Chiaraplizz / ST-TR

Spatial Temporal Transformer Network for Skeleton-Based Activity Recognition
MIT License
294 stars 57 forks source link

Can't get the correct result of the kinetics dataset #10

Closed Serendipiy2021 closed 3 years ago

Serendipiy2021 commented 3 years ago

Hi Chiara, After reading your paper, I think this is a very meaningful study. I was trying to reproduce the results and only got 0.24% for the top-1. 1.22% for the top-5. I used your pre-trained model(kinetics_spatial.pt) to test the results. Modify channel=3 and double_channel: false in kinetics-skeleton/train.yaml.There is no error in the code running. When i run the temporal transformer stream,the output of the network will become smaller and smaller as the batch_idx increases.When batch_idx>=76, the output will all become 'nan', so I finally got an unsatisfactory result. The attachment is my configuration file and main.py main+train.zip Can you give advice on how to solve this problem? Thanks a lot, best

Chiaraplizz commented 3 years ago

Hi, thanks for your interest in our work. How many GPUs are you using? I found this happened when using only 1 GPU. I updated the code just 5 minutes ago to solve this issue. Could you try to update the code and try again? Let me know if this is solved.

Chiara

ejeon6 commented 3 years ago

Hello Chiaraplizz, I am trying to inference only with S-TR (Spatial Transformer) and kinetics dataset on 1 GPU setting. But, I am facing the same issues Serendipiy2021 shared. Could you fix the bug and share the train.yaml for kinetics? Thank you in advance.

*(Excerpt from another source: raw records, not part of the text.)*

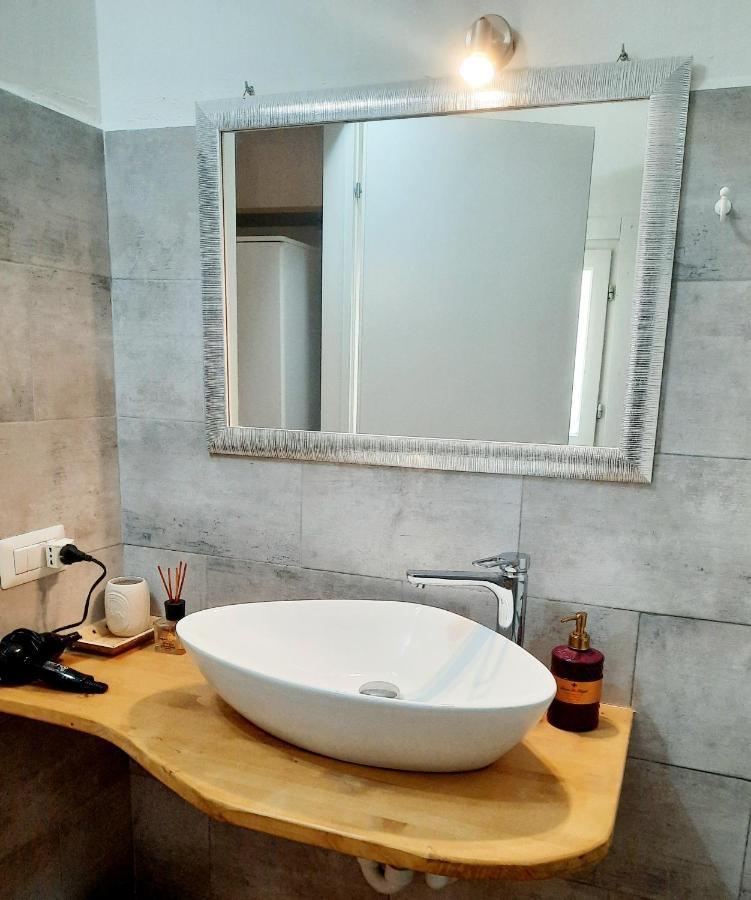 Il Salice B&B Olbia Bagian luar foto
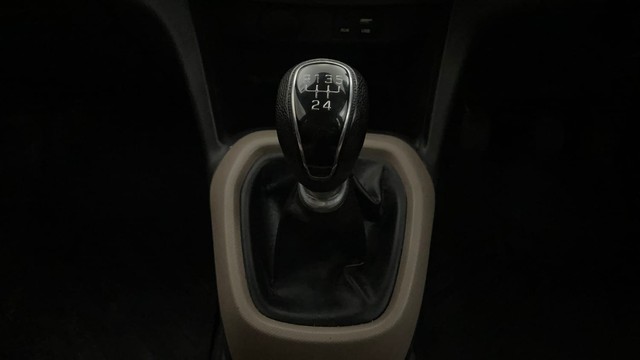 Second-hand 2015 Hyundai Grand i10 1.2 CRDi Asta for sale in Bangalore-12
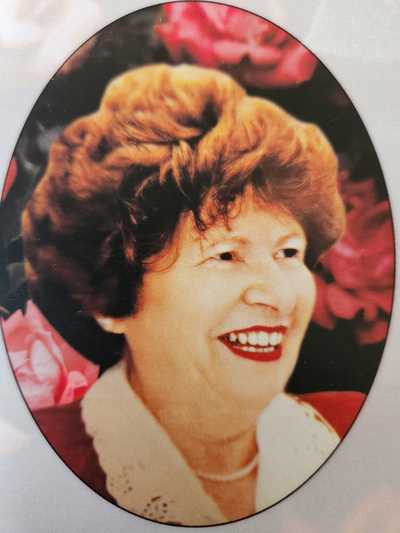 BURDETT, Daphne Elizabeth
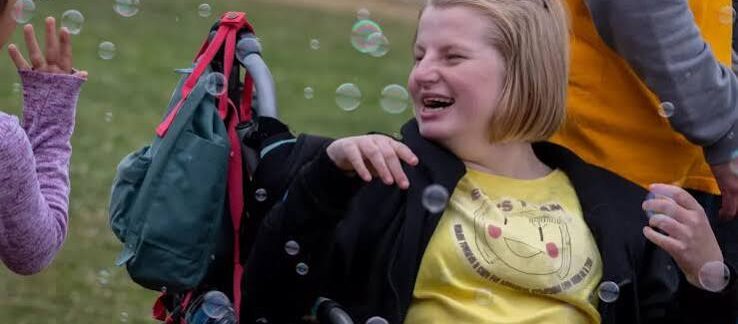 Syndrome d'Angelman : Symptômes clés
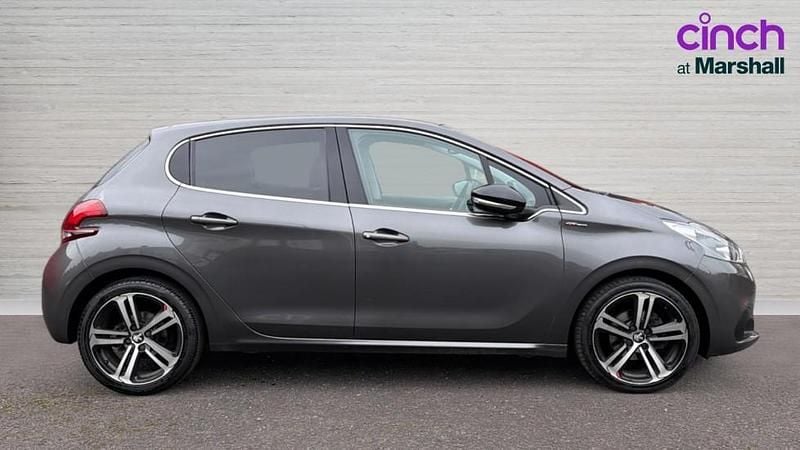 Used Peugeot 208 GT-line 109 HP (80 kW) 2019 Grey Hatchback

Chiaraplizz commented 3 years ago

Hi!

Is your config like this?

# feeder
feeder: st_gcn.feeder.Feeder_kinetics
train_feeder_args:
  random_choose: True
  random_move: True
  window_size: 150
  data_path: ./kinetics_data/train_data_joint.npy
  label_path: ./kinetics_data/train_label.pkl
test_feeder_args:
  data_path: ./kinetics_data/val_data_joint.npy
  label_path: ./kinetics_data/val_label.pkl

# model
model: st_gcn.net.ST_GCN
model_args:
  num_class: 400
  channel: 3
  window_size: 150
  num_person: 2
  num_point: 18
  dropout: 0
  graph: st_gcn.graph.Kinetics
  graph_args:
    labeling_mode: 'spatial'
  mask_learning: True
  use_data_bn: True
  attention: True
  only_attention: True
  tcn_attention: False
  data_normalization: True
  skip_conn: True
  weight_matrix: 2
  only_temporal_attention: False
  bn_flag: True
  attention_3: False
  kernel_temporal: 9
  more_channels: False
  double_channel: False
  drop_connect: True
  concat_original: True
  all_layers: False
  adjacency: False
  agcn: False
  dv: 0.25
  dk: 0.25
  Nh: 8
  n: 4
  dim_block1: 10
  dim_block2: 30
  dim_block3: 75
  relative: False
  visualization: False

  #optical_flow: True

#optim
weight_decay: 0.0001
base_lr: 0.1
step: [45, 55]

# training
device: [0, 1, 2, 3]
batch_size: 64
test_batch_size: 8
num_epoch: 65
nesterov: True
ejeon6 commented 3 years ago

Hi. By referring to your comments, the problem has been solved. The problem was "only_temporal_attention" and "double_channel" settings. Thank you!